Rozdział 26
Laura
Przekroczyłam prędkość tak bardzo, że zamiast dotrzeć do domu w dwie godziny zrobiłam to o połowę szybciej. Po tym co usłyszałam od Romero moja obecność była priorytetem, zwłaszcza kiedy Lina wpadła w histerię i nie udało jej się uspokoić. Dopiero interwencja lekarza i nafaszerowanie lekami pomogło. Ale jak na długo?
Podjechałam pod dom, przy którym kręciło się pełno ludzi. Romero nie czekając na mnie zaczął działać, dlatego gdybym mogła z chęcią wzięłabym go w ramiona, ale nie mogłam sobie na to pozwolić. Nie przy ludziach.

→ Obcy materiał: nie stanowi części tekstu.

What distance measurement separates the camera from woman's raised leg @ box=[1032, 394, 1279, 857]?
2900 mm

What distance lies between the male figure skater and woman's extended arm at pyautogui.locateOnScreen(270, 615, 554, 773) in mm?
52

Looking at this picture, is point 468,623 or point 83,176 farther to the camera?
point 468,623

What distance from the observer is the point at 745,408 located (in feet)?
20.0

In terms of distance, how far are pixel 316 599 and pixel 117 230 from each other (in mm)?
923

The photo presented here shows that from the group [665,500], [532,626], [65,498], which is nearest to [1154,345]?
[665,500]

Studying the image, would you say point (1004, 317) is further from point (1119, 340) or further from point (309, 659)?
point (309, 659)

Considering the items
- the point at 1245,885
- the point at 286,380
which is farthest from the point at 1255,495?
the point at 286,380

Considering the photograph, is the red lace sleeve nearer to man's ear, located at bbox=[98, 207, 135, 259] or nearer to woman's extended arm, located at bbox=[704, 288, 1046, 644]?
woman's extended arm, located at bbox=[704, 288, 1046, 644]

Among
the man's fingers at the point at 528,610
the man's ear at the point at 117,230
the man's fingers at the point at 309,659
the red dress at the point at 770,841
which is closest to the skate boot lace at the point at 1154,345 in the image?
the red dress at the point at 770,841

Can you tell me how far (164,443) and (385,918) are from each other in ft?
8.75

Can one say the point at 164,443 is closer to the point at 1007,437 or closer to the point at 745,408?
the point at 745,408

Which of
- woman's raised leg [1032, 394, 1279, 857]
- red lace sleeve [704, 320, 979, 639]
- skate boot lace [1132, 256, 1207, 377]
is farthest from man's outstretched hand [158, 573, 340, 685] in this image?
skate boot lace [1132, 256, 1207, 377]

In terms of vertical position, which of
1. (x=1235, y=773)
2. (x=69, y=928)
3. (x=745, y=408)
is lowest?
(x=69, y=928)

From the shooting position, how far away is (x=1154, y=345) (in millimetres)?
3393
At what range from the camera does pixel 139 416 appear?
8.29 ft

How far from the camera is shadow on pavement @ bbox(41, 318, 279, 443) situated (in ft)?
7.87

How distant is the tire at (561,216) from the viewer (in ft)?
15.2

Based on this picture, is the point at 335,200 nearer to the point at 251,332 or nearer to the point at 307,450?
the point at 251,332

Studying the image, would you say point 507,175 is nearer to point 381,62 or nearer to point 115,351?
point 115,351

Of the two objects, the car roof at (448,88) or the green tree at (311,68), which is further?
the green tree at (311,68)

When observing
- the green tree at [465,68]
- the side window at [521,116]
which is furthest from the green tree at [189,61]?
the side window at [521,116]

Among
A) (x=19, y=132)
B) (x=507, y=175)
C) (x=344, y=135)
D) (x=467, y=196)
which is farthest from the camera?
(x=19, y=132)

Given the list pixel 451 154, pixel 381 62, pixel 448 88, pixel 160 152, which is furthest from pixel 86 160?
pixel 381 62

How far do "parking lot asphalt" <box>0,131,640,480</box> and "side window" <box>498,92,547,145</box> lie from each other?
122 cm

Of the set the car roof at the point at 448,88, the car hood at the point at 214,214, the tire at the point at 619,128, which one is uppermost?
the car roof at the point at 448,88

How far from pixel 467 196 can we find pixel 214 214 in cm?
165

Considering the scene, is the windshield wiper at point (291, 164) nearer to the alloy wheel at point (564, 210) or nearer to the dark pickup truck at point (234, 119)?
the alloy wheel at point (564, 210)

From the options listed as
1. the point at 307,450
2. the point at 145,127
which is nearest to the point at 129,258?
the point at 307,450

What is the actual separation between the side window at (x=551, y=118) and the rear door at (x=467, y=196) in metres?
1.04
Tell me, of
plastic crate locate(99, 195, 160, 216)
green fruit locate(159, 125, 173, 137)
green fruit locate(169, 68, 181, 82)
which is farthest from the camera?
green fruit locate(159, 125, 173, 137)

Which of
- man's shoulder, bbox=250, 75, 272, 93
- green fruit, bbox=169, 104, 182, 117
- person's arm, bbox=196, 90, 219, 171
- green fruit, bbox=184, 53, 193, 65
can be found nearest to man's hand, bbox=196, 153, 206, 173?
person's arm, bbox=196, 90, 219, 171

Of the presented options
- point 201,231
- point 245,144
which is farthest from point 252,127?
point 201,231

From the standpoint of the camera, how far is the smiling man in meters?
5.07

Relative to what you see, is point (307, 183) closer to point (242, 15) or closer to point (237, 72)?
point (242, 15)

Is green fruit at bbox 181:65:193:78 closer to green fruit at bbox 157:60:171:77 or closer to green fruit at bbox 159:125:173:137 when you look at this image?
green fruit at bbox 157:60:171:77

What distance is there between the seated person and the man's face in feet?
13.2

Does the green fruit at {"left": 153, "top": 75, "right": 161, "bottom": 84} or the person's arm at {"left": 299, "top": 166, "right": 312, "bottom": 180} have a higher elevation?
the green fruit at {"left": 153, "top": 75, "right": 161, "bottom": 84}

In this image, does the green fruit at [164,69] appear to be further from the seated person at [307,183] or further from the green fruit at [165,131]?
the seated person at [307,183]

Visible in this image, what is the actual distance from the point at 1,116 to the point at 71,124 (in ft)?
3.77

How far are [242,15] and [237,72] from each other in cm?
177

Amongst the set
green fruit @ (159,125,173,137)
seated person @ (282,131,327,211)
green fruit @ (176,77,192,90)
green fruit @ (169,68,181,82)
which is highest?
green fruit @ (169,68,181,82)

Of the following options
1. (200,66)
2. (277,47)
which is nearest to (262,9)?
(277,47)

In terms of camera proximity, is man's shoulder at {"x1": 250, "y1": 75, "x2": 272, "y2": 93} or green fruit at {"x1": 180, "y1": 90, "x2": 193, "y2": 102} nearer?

- Na czym stoimy? – zapytałam wchodząc do salonu, w którym było główne centrum dowodzenia. Wszędzie stały stołu na których zauważyłam komputery, mapy, ale i broń.
- Wiemy, że jej telefon nie jest już w zasięgu sieci więc został wyłączony albo zniszczony. Ostatnie logowanie było z okolicy, gdzie znaleziono też jej samochód. Ten kto to zrobił wiedział co robi. – mówił Romero patrząc na mnie nie okazując emocji. Tylko to, że trzymał dłonie w kieszeniach pokazywało, że jest zdenerwowany albo wręcz wkurwiony.
- Więc gdzie do kurwy nędzy jest moja siostra. – podniosłam głos tak aby każdy z nich mnie słyszał.
- Nie wiemy, ale... - zaczął Scott.
- Mam gdzieś to, ale. – przerwałam mu wiedząc, że chciał dobrze, ale tu chodziło o moją siostrę. – Do wieczora chcę wiedzieć, gdzie ona jest albo inaczej to załatwimy. Nie chcecie żebym sama się tym zajmowała.
- Szuka ją ponad setka ludzi w całym mieście. – Romero podszedł do mnie zatrzymując się tak że zasłonił mi widok na innych. – Prędzej czy później ktoś ją zauważy.
- Mam nadzieję. – wycedziłam przez zaciśnięte zęby. – Bo inaczej czyjaś głowa poleci.
- Mam się bać?
- Nie dlaczego? – zapytałam. – Zrobiłeś coś, żeby mi się narazić?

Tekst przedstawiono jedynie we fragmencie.